FSDP with size_based_auto_wrap_policy freezes training

CasellaJr · March 6, 2024, 3:31pm

I am doing multi-node and multi-GPU training. Right now, I am optimizing my multi-GPU code for faster training.

torch.cuda.set_device(self.rank)
model = FSDP(model, use_orig_params=True, device_id=torch.cuda.current_device())

Basically, everything works fine, but If I modify the model using the size_based_auto_wrap_policy what happens is that training starts, but exactly after 4 epochs it stops and it does not continue. Both the GPUs (2 A40) appears to be used 100% with nvidia-smi.

my_auto_wrap_policy = functools.partial(
        size_based_auto_wrap_policy, min_num_params=100
        )
model = FSDP(model, use_orig_params=True, device_id=torch.cuda.current_device(), auto_wrap_policy=my_auto_wrap_policy)

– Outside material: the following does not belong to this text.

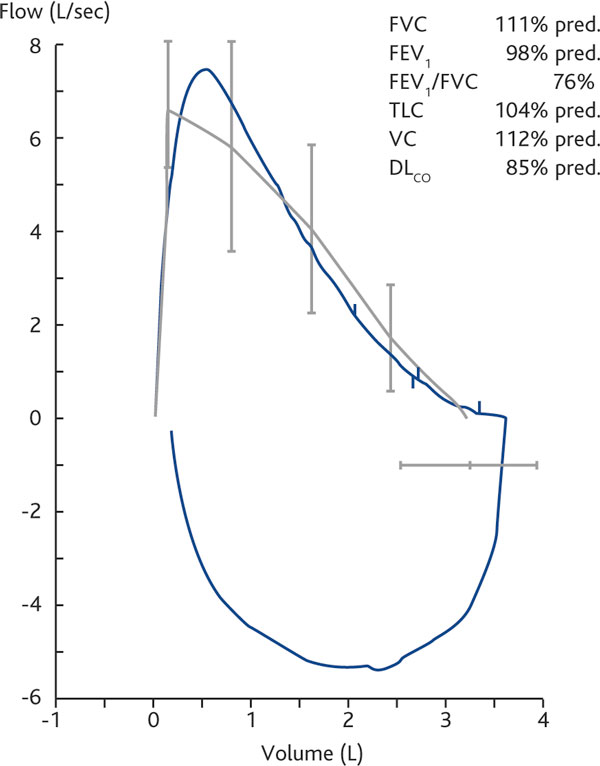 Figure 2b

Moreover, another problem that happens when using this wrap policy is that when killing the script with CTRL+C, the process remains alive in background, indeed If I train to run again the script I have this error:

[W socket.cpp:401] [c10d] The server socket has failed to bind to [::]:29500 (errno: 98 - Address already in use).
[W socket.cpp:401] [c10d] The server socket has failed to bind to ?UNKNOWN? (errno: 98 - Address already in use).
[E socket.cpp:435] [c10d] The server socket has failed to listen on any local network address.
...
RuntimeError: The server socket has failed to listen on any local network address. The server socket has failed to bind to [::]:12345 (errno: 98 - Address already in use). The server socket has failed to bind to 12345 (errno: 98 - Address already in use).